Vale Sheds Invisible Shackles
Have a look at the share-price performance of these five mining companies. One is controlled by a shadowy influence network of Latin American politicians, while another is managed by a group of red-in-tooth-and-claw capitalists beside an Alpine lake. The trouble is, which is which?
If you're not seeing much evidence of the dead hand of the state weighing on any of those stocks, that's because Vale SA is as well-run a company as the other big miners. (Glencore Plc, based in the Swiss canton of Zug, is the only one that performs better on a three-year time frame).
That's reason not to expect dramatic changes for investors from the boardroom drama last week, which included the removal of Chief Executive Officer Murilo Ferreira and the shaking up of a shareholder structure that had given government an outsized say in Vale's decision-making.
On the whole, investors (and Gadflies) are fond of good corporate governance. So replacing the current set-up, whereby Valepar (a consortium of Brazilian state pension funds, banks, and Japanese trading house Mitsui & Co.) controls appointments to Vale's board of directors, ought to be a good thing.
At the same time, the move is probably less dramatic than it looks, due to the nature of Vale's triple-class structure and the limited ways in which just one of those classes is changing.
The common stock that's controlled by Valepar and the Brazilian government only has one additional right over the more widely held preferred shares -- that of voting on director appointments. That's hardly the sort of sweeping disparity you see at Snap Inc. or Alphabet Inc.
Meanwhile, the government won't be disposing of its golden shares, which give it a veto on matters including, importantly, the spinoff of non-core parts of the iron-ore business such as railways and ports.
As a result, the shakeup of Vale's shareholder register has the feel of a solution that's looking for a problem rather than a pivotal change. Unlike its debt-laden Chinese counterparts, state control doesn't appear to have made Vale any more sclerotic than its peers.
Indeed, in many ways it's been an outperformer. Returns on invested capital -- not a strong point for miners in recent years -- were better in each of the last two fiscal years than those of the other big five miners.
In valuation terms, it traded at a discount to rivals in terms of Ebitda-to-enterprise value multiples a few years ago -- but that divergence, and its disappearance, seems to be more to do with investor expectations around the iron ore price and Vale's $14.3 billion S11D mine than anything fundamental about its governance.
The move may be better understood not as a corrective for past problems, but as a prophylactic against future ones.
Ferreira took several years to shake off the perception that he was too beholden to former President Dilma Rousseff after his predecessor Roger Agnelli was ousted by Valepar following public clashes with the government. Local analysts in turn link his departure to the influence of Michel Temer, who became president last year after Rousseff was impeached.
For all that Vale has held up well against its international peers, its fortunes have also been inextricably bound up with those of Brazil itself.

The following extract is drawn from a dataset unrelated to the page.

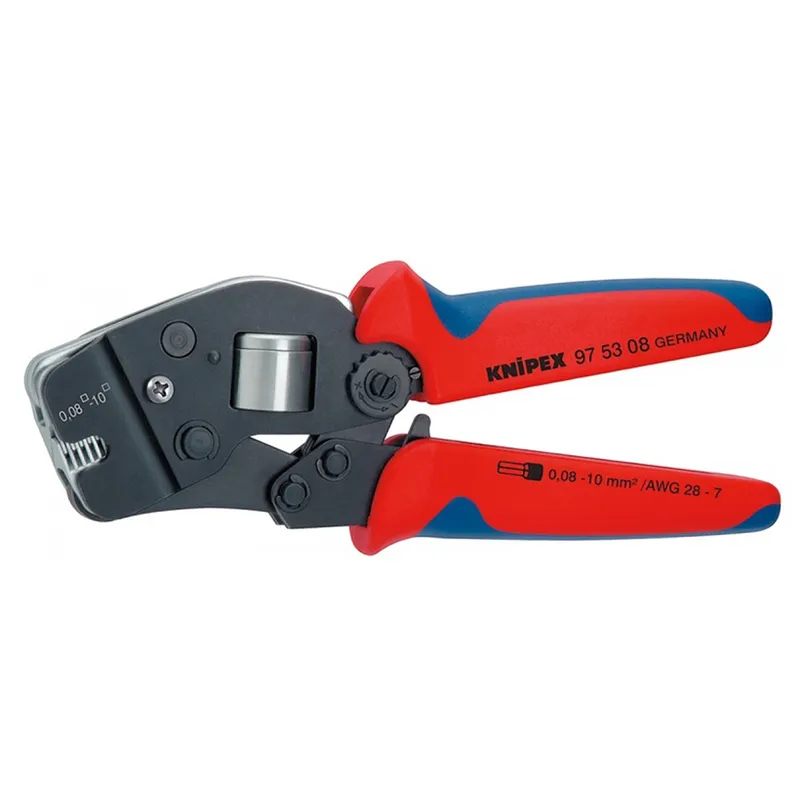 Пресс-клещи KNIPEX торцевой до 10мм2 97 53 08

That was all very well when the country was booming -- but with the government this month sending in troops to quell looting in Vale's home state 1 of Espirito Santo after police went on strike, the association is looking more like a liability than an asset. Vale will be stronger on its own.
Its headquarters are in Rio de Janeiro but it's named after the valley of the Rio Doce, a river that flows through the state. The port of Tubarao in Espirito Santo is the main export harbor for iron ore from Vale's mines in Minas Gerais state.